While the objective of the present invention is equalization to enable operation when large pressure differentials are present, its execution of that objective is different from the above described equalizing mechanism. Rather, in one embodiment a tool is delivered to the downhole tool needing pressure equalization. The tool is anchored and actuated to separate two members that are in sealing contact using built in flexibility of these parts to move relatively to each other. There after the tool is released and removed. It can be delivered quickly by wireline with a jar actuated to operate the tool or in another embodiment it can be delivered on coiled tubing and respond to pressure applied through the coiled tubing to operate. It can be released with a pickup force on the coiled tubing. Other embodiments are envisioned. Those skilled in the art will more fully appreciate the various aspects of the present invention by reviewing the descriptions of the embodiments described below in conjunction with the associated drawings while recognizing that the full scope of the invention is found in the appended claims.

SUMMARY OF THE INVENTION

A pressure equalizing tool can be run into a downhole tool on wireline or coiled tubing preferably and temporarily secured before being actuated to separate two components in a downhole tool that are in a sealing relation but are configured to be temporarily movable so as to allow pressure equalization before the downhole component is actuated. Once pressure is equalized the equalizing tool is released, usually with an applied pick up force and the downhole tool being equalized as to differential pressure can be operated with the preexisting actuation parts that are on the downhole tool. In a preferred embodiment the downhole tool is a ball valve and the equalizing tool is temporarily secured to the ball valve housing to temporarily part the ball from the uphole seat to equalize an annular space around the ball with tubing pressure. The ball is allowed to go back to contact with the seat when the equalizing tool is released and removed from the tubing.

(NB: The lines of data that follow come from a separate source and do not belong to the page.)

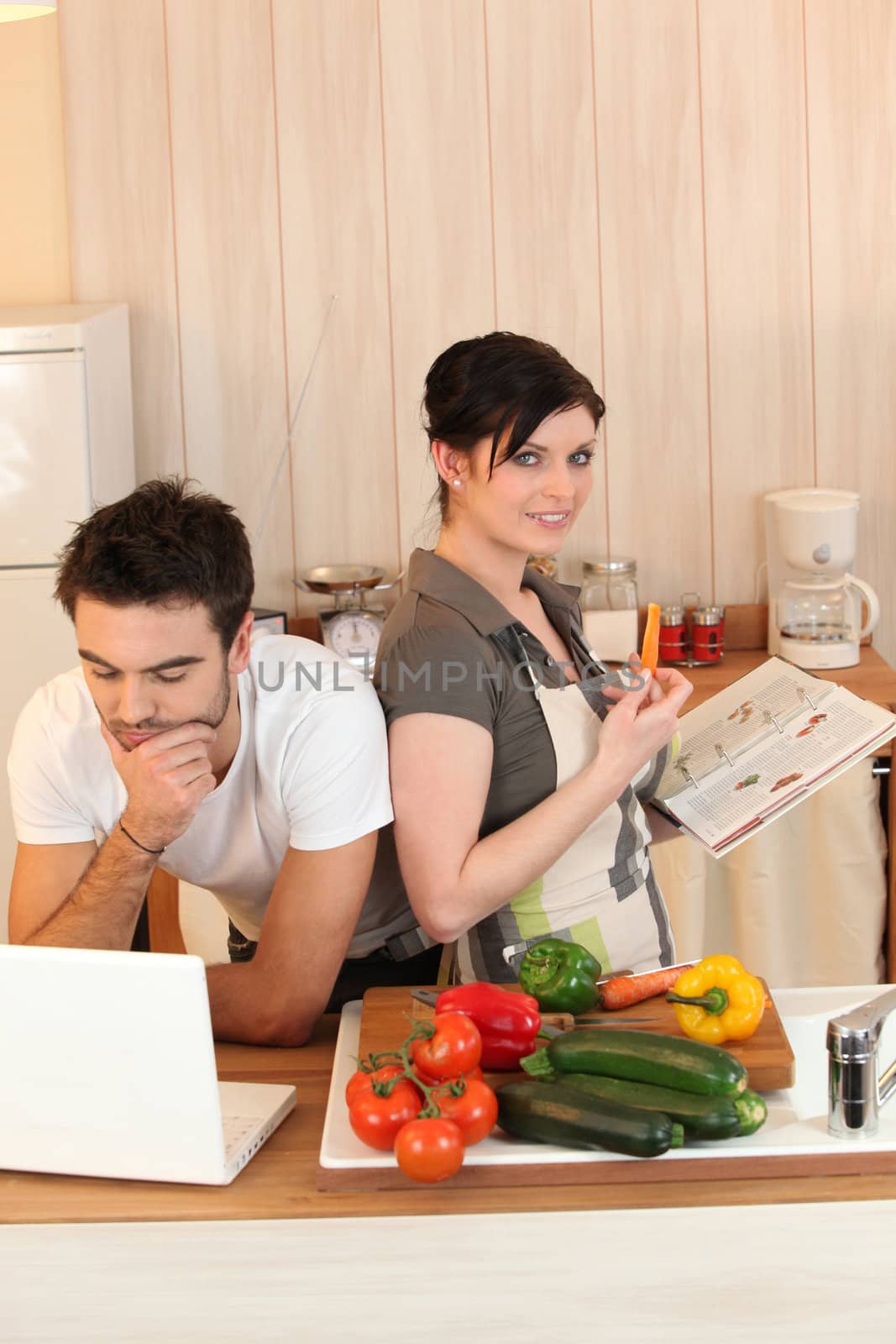 Couple looking at recipes by phovoir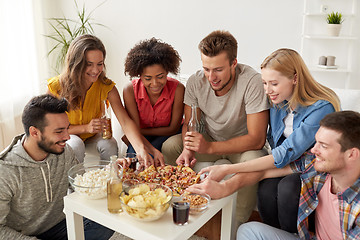 Image showing happy friends with drinks eating pizza at home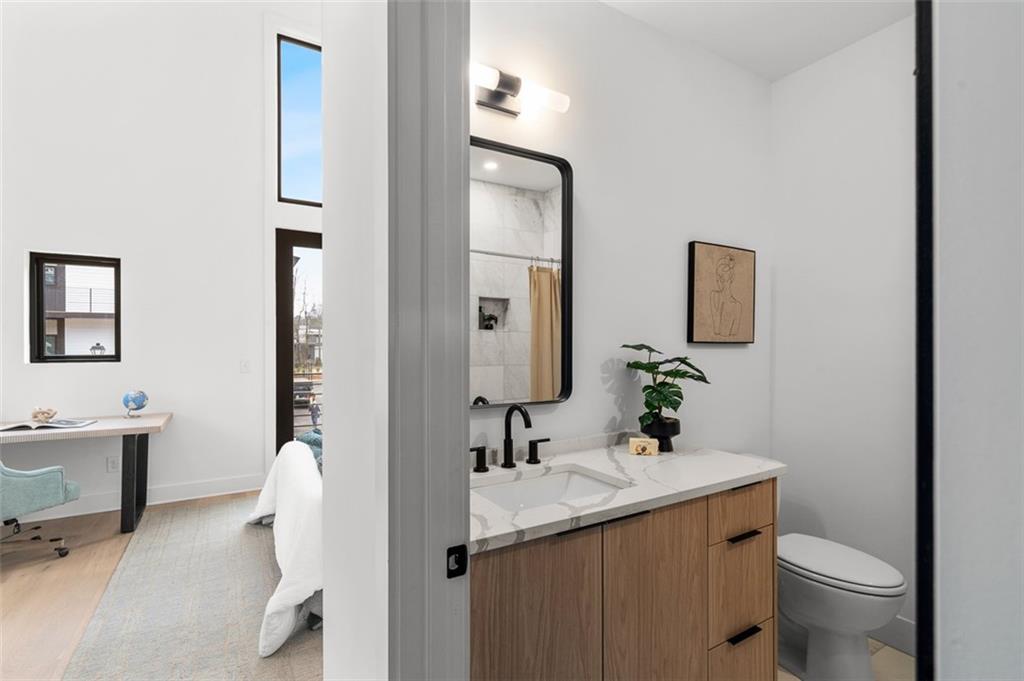 1165 Penny Lane Atlanta, GA 30329 - Photo 28 of 40 a bathroom with a sink a toilet and mirror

BRIEF DESCRIPTION OF THE DRAWINGS

FIG. 1 is a section view of the equalizing tool in the run in position;

FIG. 2 is the tool of FIG. 1 in the anchored position and before pressure is equalized;

FIG. 3 shows the tool of FIG. 2 anchored in a ball valve in the closed position and the tool actuated to equalize pressure and the upper seat assembly;

FIG. 4 shows the ball and lower seat assembly of the ball valve of FIG. 3;

FIG. 5 is an alternative embodiment of the equalizing tool when run in on tubing;

FIG. 6 is the tool of FIG. 5 shown anchored in a ball valve and pressure equalized.

DETAILED DESCRIPTION OF THE PREFERRED EMBODIMENT

FIG. 1 shows the equalization tool 10. It has a lower body 12 and a dog housing 14 secured at thread 16. Dog housing 14 has openings 18 through which dogs 20 can be extended. A top sub 22 retains ring 24 internally so that actuator 26 can be fully extended to the position in FIG. 1 without coming out of the top sub 22. Top sub 22 is secured to the dog housing 14 at threads 28. Actuator 26 has a larger outer diameter 30 and a small outer diameter 32 separated by tapered surface 36. In the run in position of FIG. 1 the tool 10 has the actuator 26 fully extended so that the small outer diameter 32 is under the dogs 20 so that the dogs 20 are retracted into the openings 18. Actuator 26 has an internal groove 38. The tool 10 is run in on wireline 40 with a jar tool or other known tool that can create a jarring force on actuator 28 preferably at groove 38 with the jarring force shown schematically as arrows 42. Those skilled in the art will appreciate that in the FIG. 1 position a snap ring 44 is held in groove 46 by the dog housing 14. Inside the dog housing 14 is a release sleeve 48 that is shear pinned to dog housing 14 with a shear pin. A gap 52 is formed between the dog housing 14 and the release sleeve 48 to allow the lower end 54 of the actuator 26 to enter when the jar tool force 42 is applied. Internal recess 56 at the top of the release sleeve 48 can be grabbed by a fishing tool, not shown, for an emergency release of the dogs 20 as will be explained below. The jarring movement 42 puts the larger outer diameter 30 under the dogs 20 to cam them all out so that they can engage the tool to be equalized as will be discussed later in regard to FIG. 3. The only resistance offered by actuator 26 to moving down is any force required to make snap ring 44 jump out of a groove 58 that it sits in for run in and into another groove 60 where it snaps out with the dogs 20 in the extended position as shown in FIG. 2. The rating of shear pin 50 is considerably higher than the force required to drag the snap ring 44 from groove 58 to groove 60 and the friction force from it dragging on the inside surface of dog housing 14.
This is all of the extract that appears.